EXERCISE AIM | Skip pictures in the listing below; copy exactly the lines from the one with "Recombinant Human PLAG1 SDS-PAGE" through the one with "Immunohistochemistry-Paraffin: Tafazzin/TAZ Antibody", inclusive.

SUPPLIED RECORDS |

Content starts

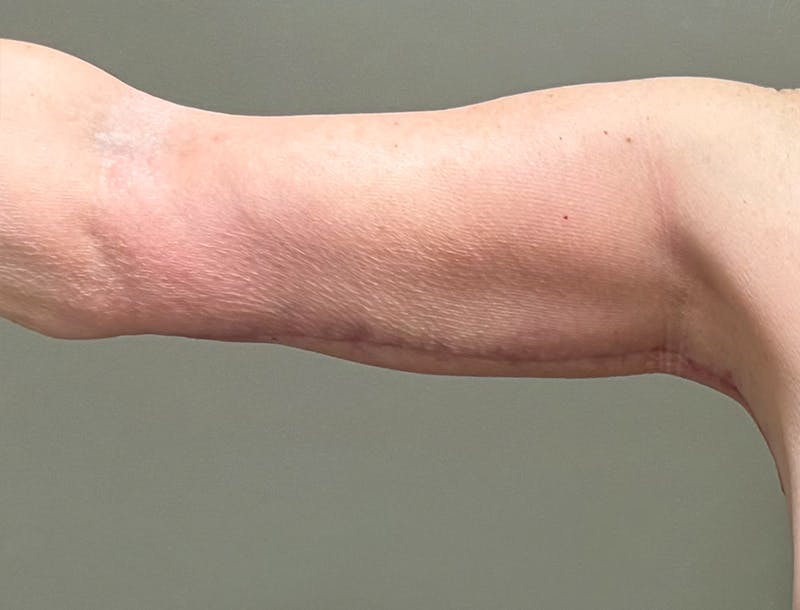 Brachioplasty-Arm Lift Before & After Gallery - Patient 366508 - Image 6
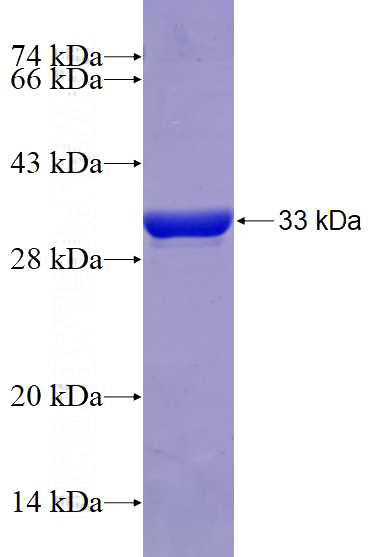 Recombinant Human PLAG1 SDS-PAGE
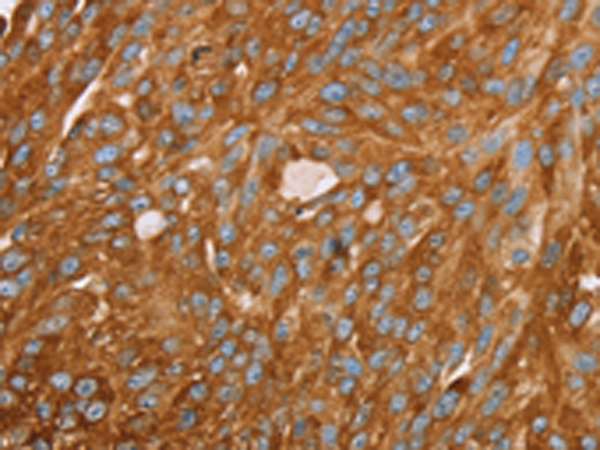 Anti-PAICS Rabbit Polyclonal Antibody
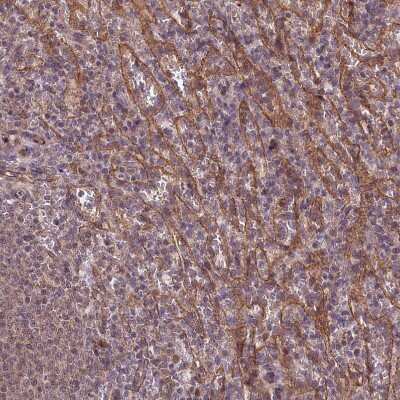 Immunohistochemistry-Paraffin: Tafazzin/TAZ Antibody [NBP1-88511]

Content ends
Content starts

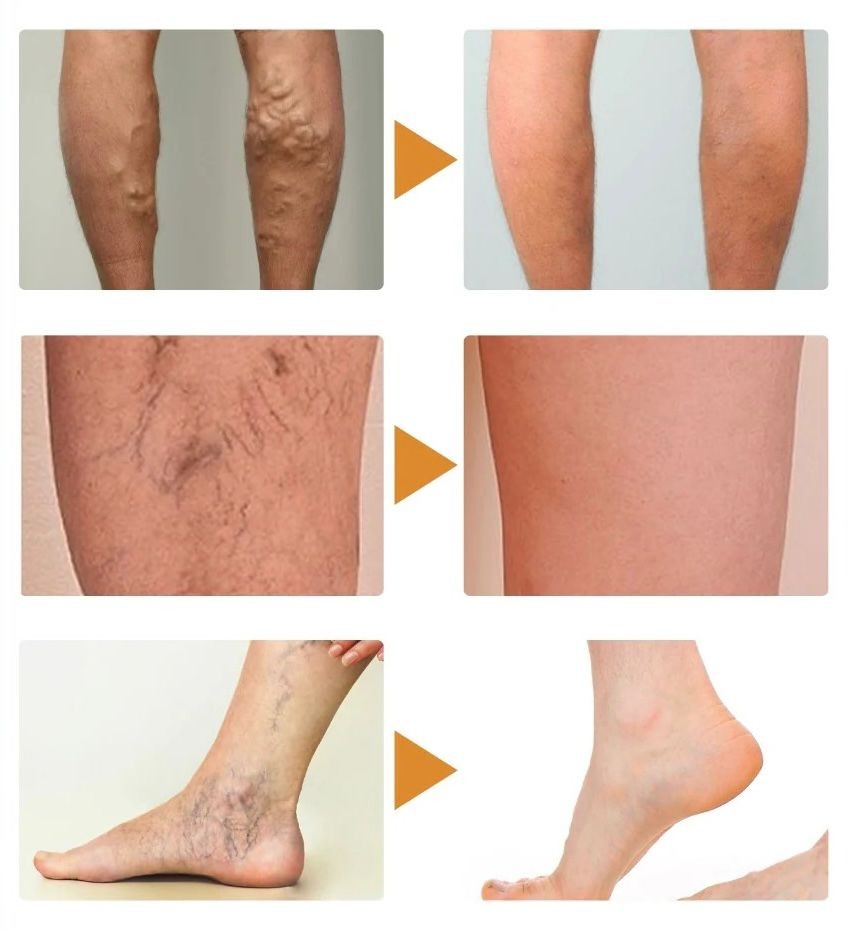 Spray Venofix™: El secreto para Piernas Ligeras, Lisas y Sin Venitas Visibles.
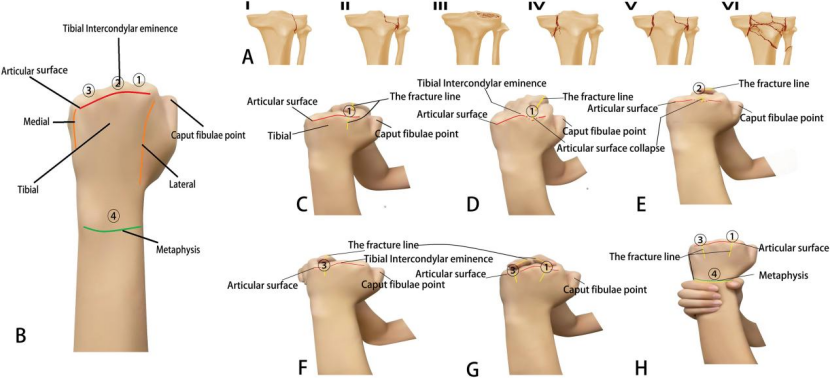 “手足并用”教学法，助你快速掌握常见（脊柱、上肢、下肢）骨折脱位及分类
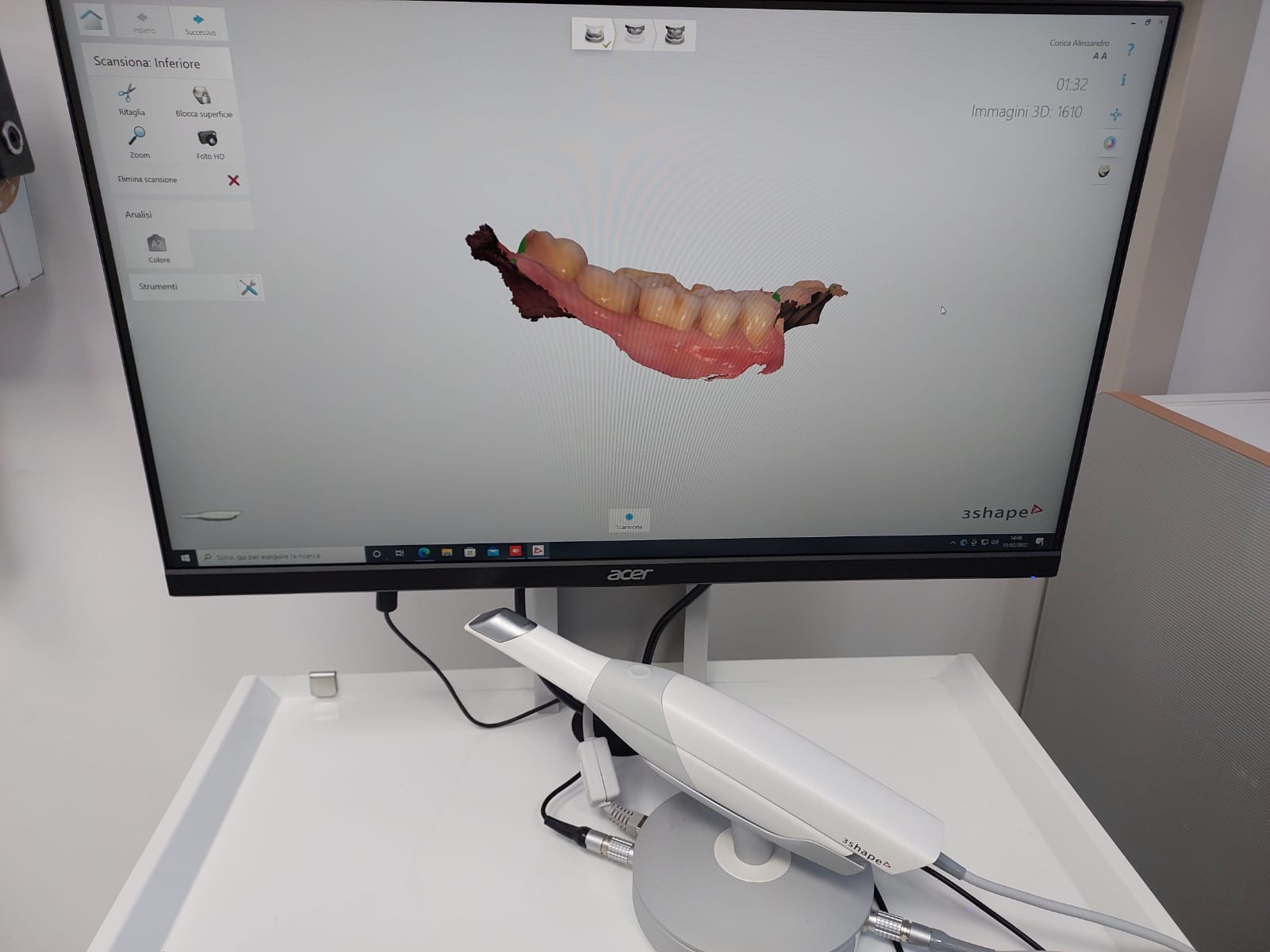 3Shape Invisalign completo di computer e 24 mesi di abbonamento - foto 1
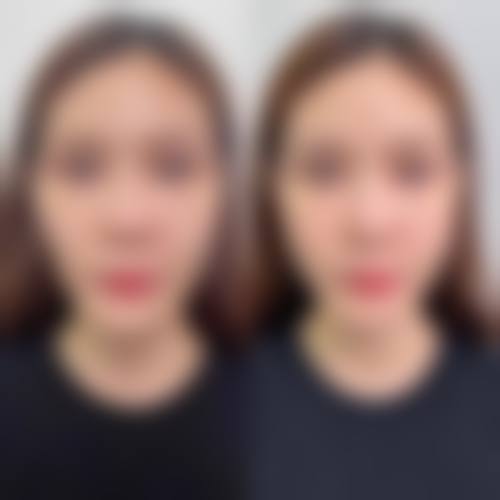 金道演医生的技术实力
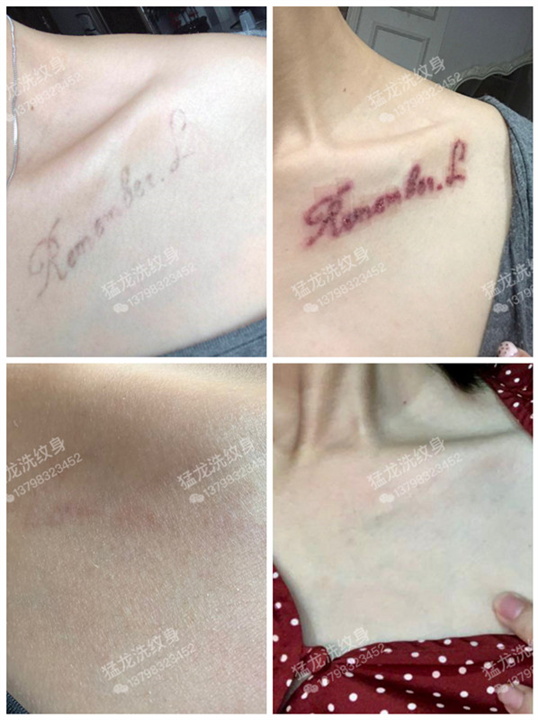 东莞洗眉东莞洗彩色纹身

Content ends

RESULT OF THE EXERCISE |
 Recombinant Human PLAG1 SDS-PAGE
 Anti-PAICS Rabbit Polyclonal Antibody
 Immunohistochemistry-Paraffin: Tafazzin/TAZ Antibody [NBP1-88511]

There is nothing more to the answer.